The Parents' Role
The earliest roots of readiness come from parents’ responsiveness to their children and encouragement of their children’s curiosity and motivation and from children’s exploration of imagination and problem solving through pretend play.
School readiness involves a variety of capacities, a positive self-esteem, and motivation. Parents can encourage their children to participate in activities that will help them enjoy learning and be ready to acquire academic skills. Parents can also help their children get ready for school by reading to them in a warm, nurturing context.
Questions to Ask
- How is child care or preschool going for your child?
- How often do you read to your child? How do you include him in reading books?
- How is he learning and getting ready for school?
- Describe his typical play.
- What do you think he understands? (names of objects, concepts, instructions, fantasy vs. reality)
- Encourage families to expose their child to a variety of situations and opportunities for learning so that his talents can become evident.
- Emphasize the importance of reading to their and discussing what they have read.
- Recommend books on relevant family issues or child difficulties (a new baby coming, a grandparent dying). Consider making such resources available in the office or providing a computer in the waiting room where parents can search for such resources.
- Discuss the concept of “multiple intelligences” with parents.
- Using the guidance listed below, discuss the importance of parents in their child’s learning and readiness for school.
Guidance for Parents
- Visit preschools and childcare centers before enrolling your child. An emotionally supportive preschool or child care program encourages pretend play and helps foster school readiness. If your child is shy, try to arrange play dates for him with potential classmates before preschool or child care begins to help him feel comfortable with them and adapt more easily to the new setting.
- If your child is not in preschool or child care, consider enrolling him in some type of structured learning situation—Head Start, Sunday school, or a community program—to help him get ready to enter school.
- Much learning takes place during playtimes. Play increases your child’s ability to think in different ways, to use his imagination, to pretend, and to be creative. During play periods, he gathers items, sorts them by shapes, color, and size. He groups things that are alike and different. Through play he learns to name objects and activities. Try to give your child as many opportunities as possible to play with you, his siblings, and other children.
- Skills such as storytelling, writing, and reading begin to develop while your child is playing “pretend.” At first the play focuses on action and objects, but as your child gets older, he uses his ideas, imagination, and language more and more.
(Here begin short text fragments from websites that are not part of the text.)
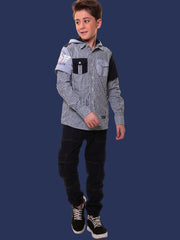 Boys’ 100% Cotton Full Sleeves Blue Check Shirt with Knitted Overlap Sleeves and Hood – Perfect for Layered Comfort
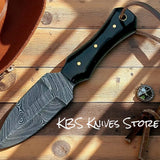 Custom 3 Inch Cowboy Boot Knife - Damascus Steel with African Water Buffalo Horn Handle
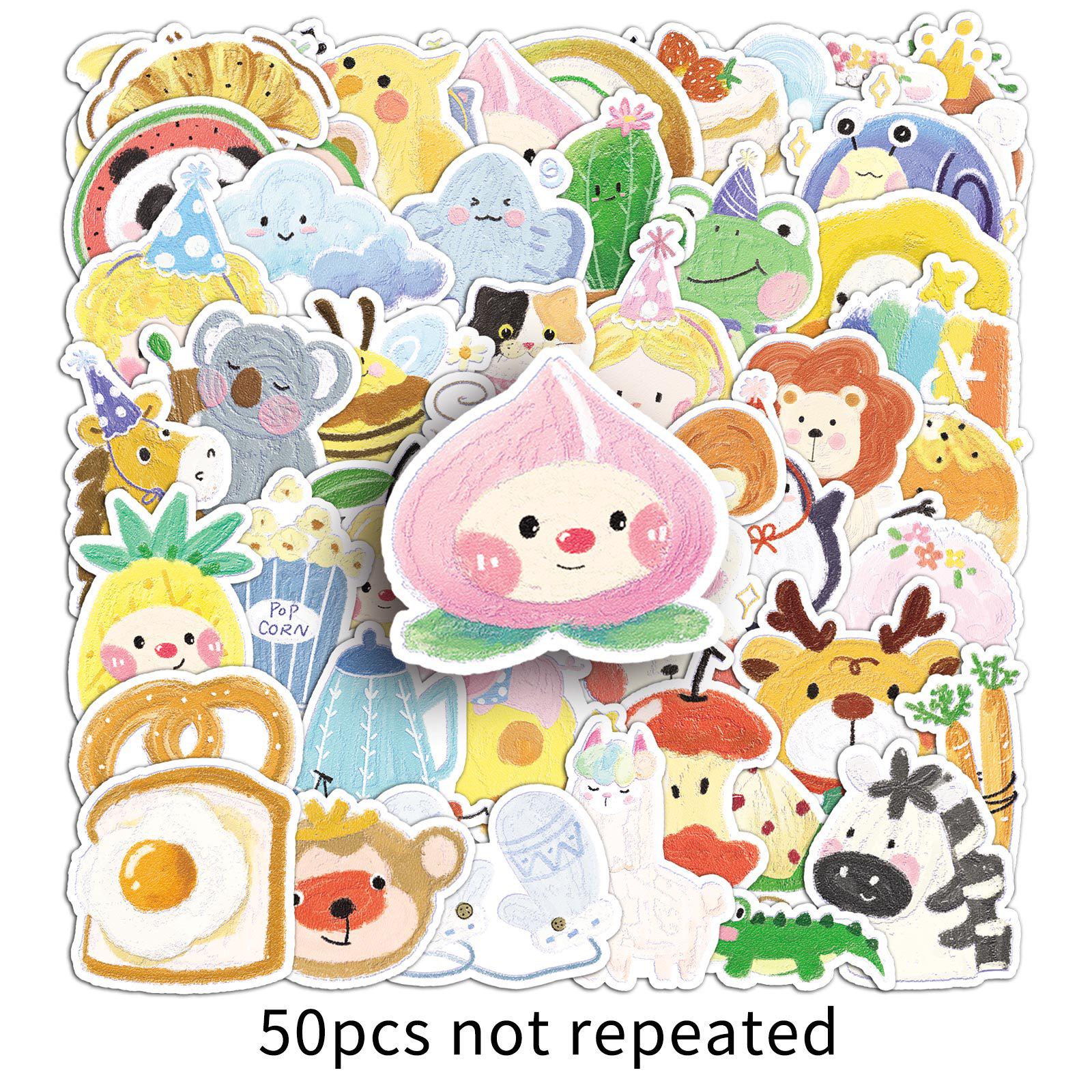 

50 Original Oil Painting Cartoon Stickers: Hand-Painted, Small, Infringement-Free, Perfect for Water Bottles and Notebooks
Provide opportunities for him to play pretend at home and advocate for pretend play in his preschool or child care.
- Take your child to the library often and let him choose books that interest him. When you read together, ask him questions about the stories or pictures and let him tell part of the story.
- You can make learning fun by focusing on areas that have already attracted your child’s interest and attention:
- Practice reading signs everywhere—at fast food restaurants, in the supermarket, around town, along the highway
- Count the days until his birthday or holidays
- Point out letters, especially the one that begins his name - “It's a T like in Tommy!
- Show him that words are made up of sounds that match up with letters
- Play with sounds by making rhymes of real and nonsense words
- Go on trips and visit parks, museums, and other places of interest
- Children with learning problems are better able to cope with frustrations if they experience success in one aspect of learning or in an area of interest outside school. Help your child to develop his possible talents like music, athletics, creativity, or visual and spatial abilities.